Begin at the line below that has "Celestial Origami Glass". Stop after the line that has "Unisex Anatomical Arch", repeating each line exactly and leaving out the pictures.

**AVAILABLE DATA**

********************

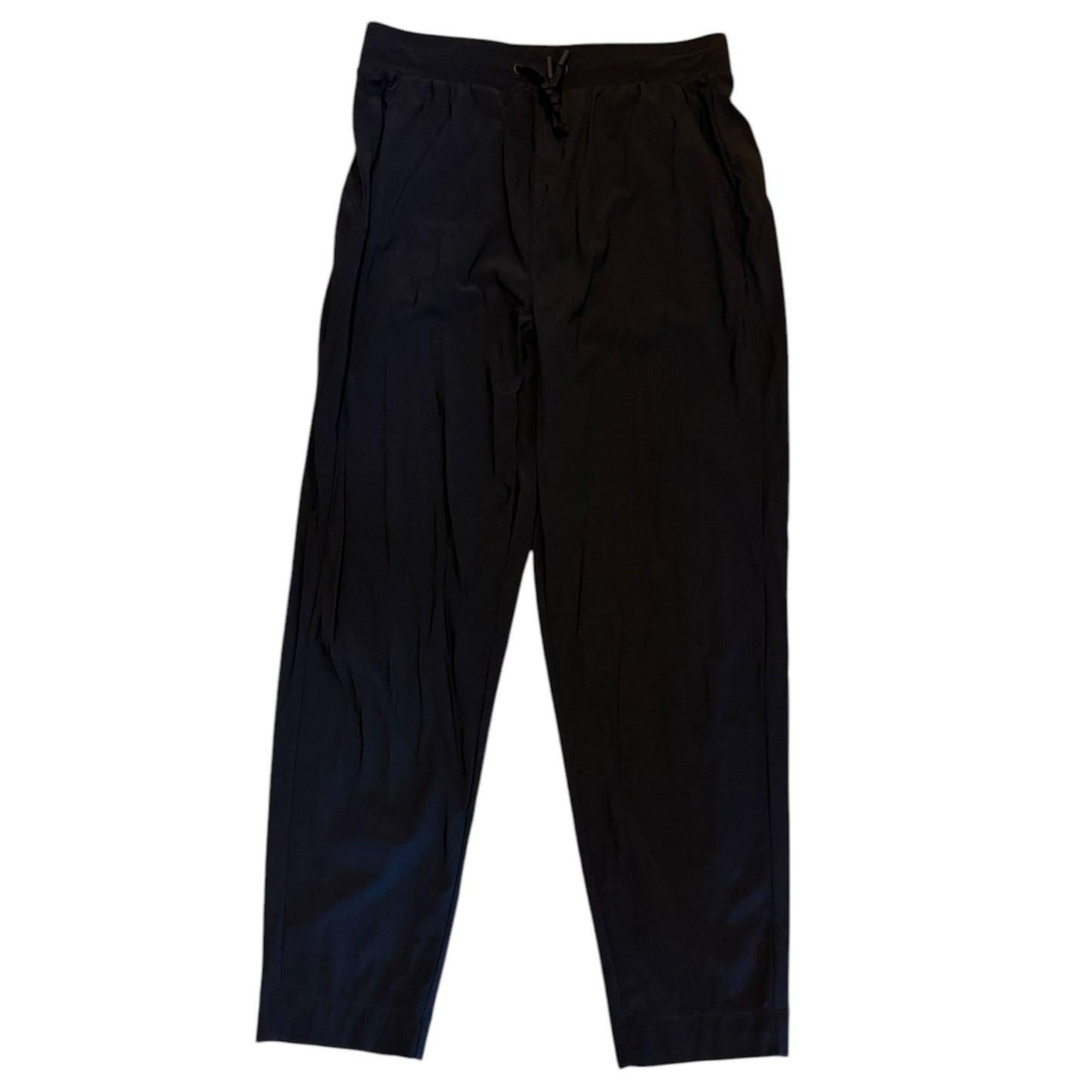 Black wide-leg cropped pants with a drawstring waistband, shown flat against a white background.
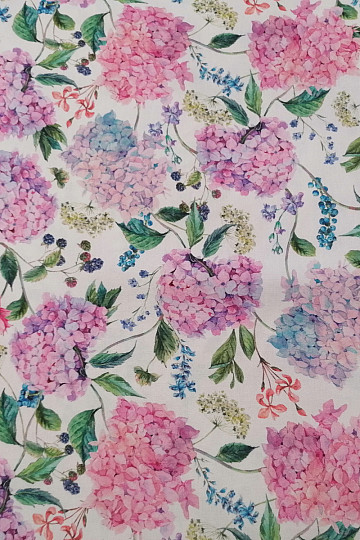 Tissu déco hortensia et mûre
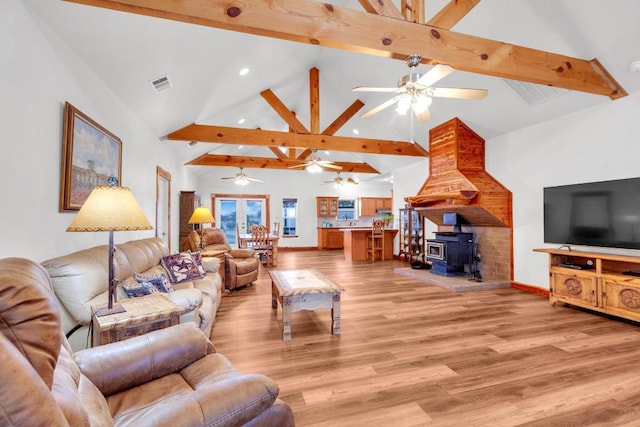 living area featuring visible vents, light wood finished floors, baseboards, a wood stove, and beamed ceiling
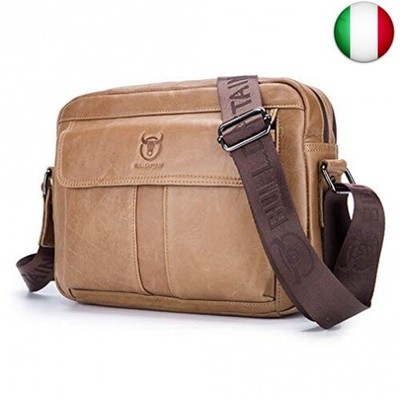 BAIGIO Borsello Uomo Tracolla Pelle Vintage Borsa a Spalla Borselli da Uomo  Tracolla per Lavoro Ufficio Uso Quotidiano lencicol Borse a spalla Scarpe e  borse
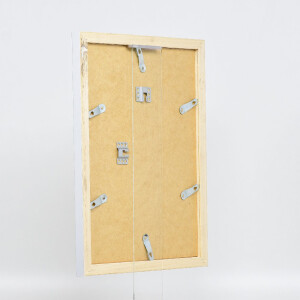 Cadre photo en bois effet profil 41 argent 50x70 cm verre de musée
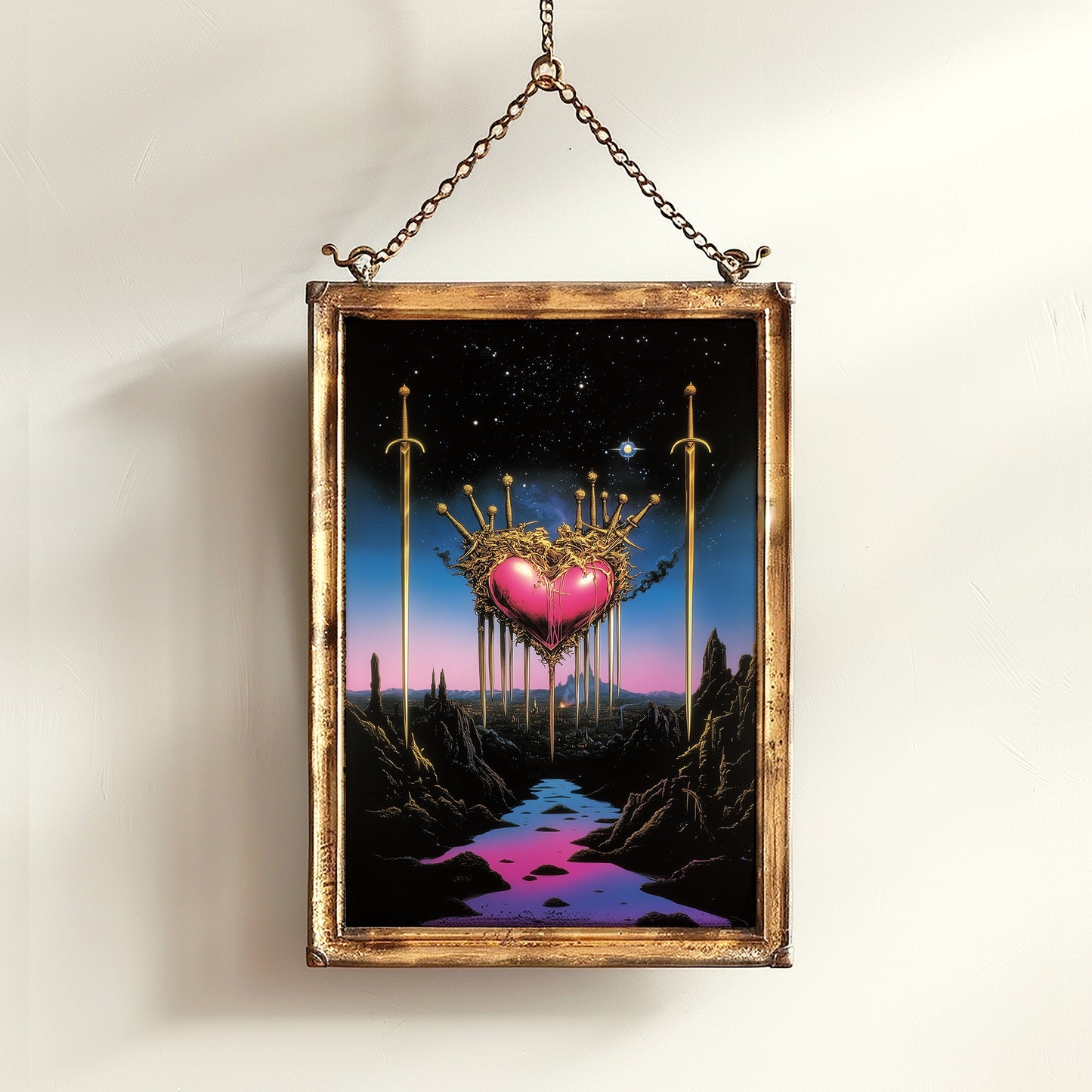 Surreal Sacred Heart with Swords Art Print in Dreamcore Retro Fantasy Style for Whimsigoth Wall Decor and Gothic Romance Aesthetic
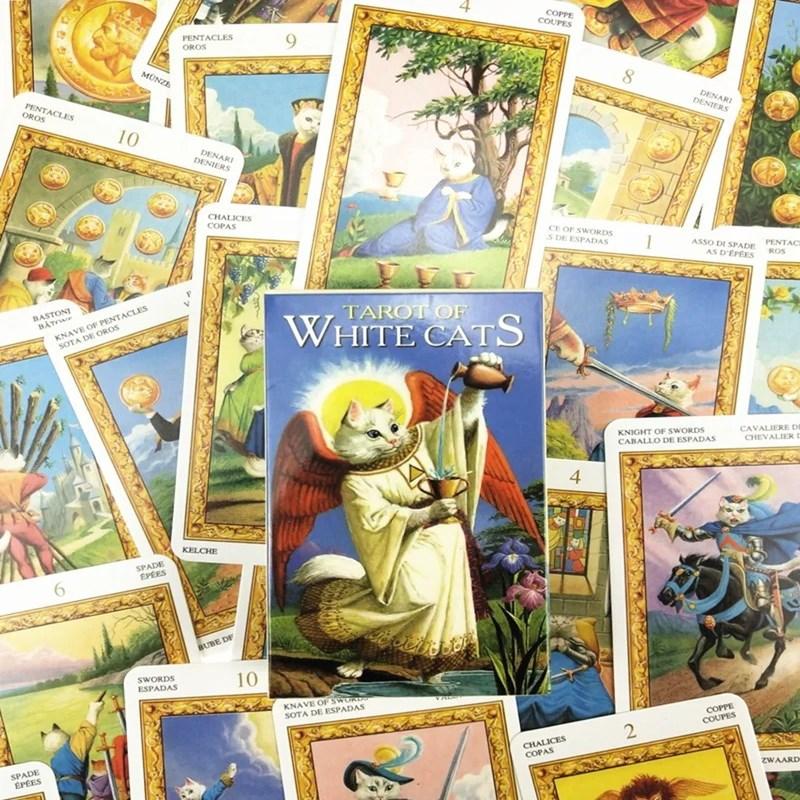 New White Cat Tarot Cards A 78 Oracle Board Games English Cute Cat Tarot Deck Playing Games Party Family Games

********************

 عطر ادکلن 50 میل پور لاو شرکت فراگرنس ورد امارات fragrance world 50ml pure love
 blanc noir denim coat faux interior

********************

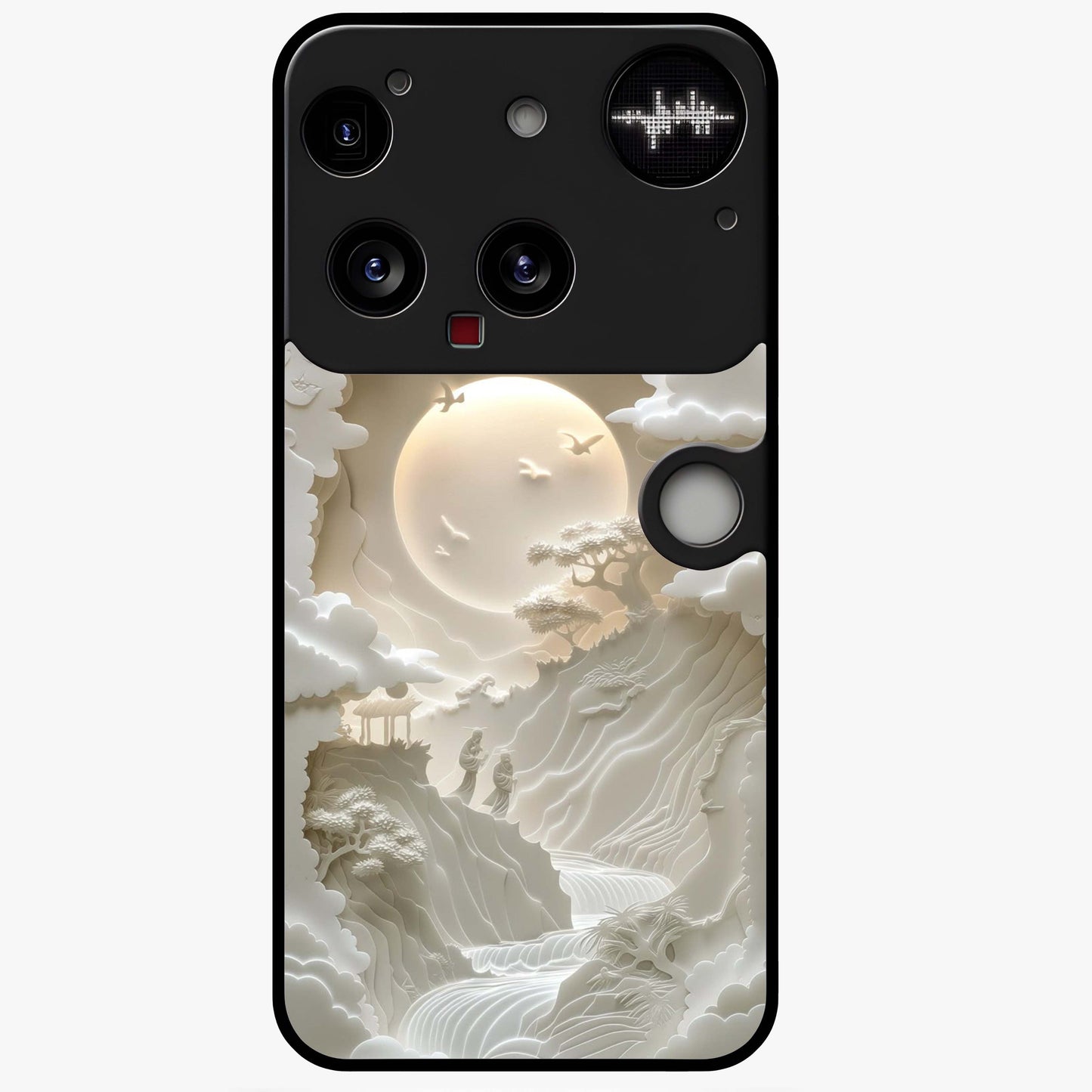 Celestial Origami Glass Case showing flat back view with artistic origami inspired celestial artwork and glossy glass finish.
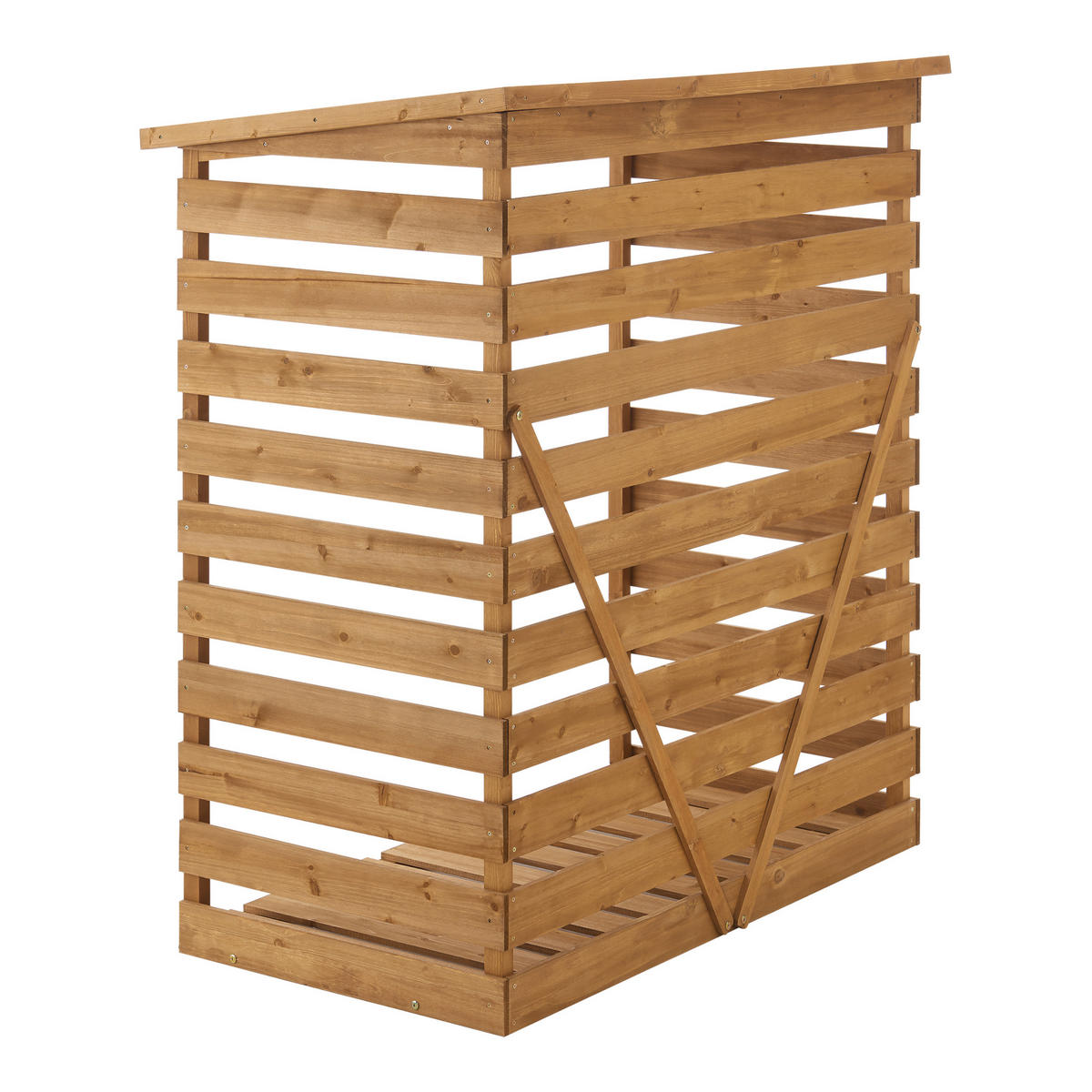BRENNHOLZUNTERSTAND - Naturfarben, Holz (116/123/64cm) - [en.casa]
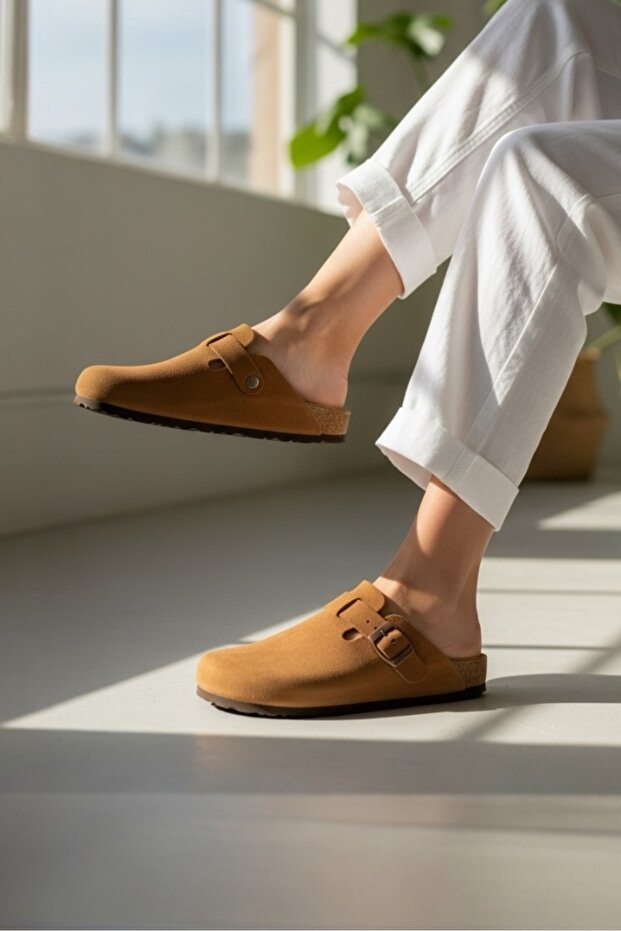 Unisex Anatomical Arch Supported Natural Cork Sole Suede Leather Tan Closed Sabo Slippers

********************

**SOLVED PROBLEM**
 Celestial Origami Glass Case showing flat back view with artistic origami inspired celestial artwork and glossy glass finish.
BRENNHOLZUNTERSTAND - Naturfarben, Holz (116/123/64cm) - [en.casa]
 Unisex Anatomical Arch Supported Natural Cork Sole Suede Leather Tan Closed Sabo Slippers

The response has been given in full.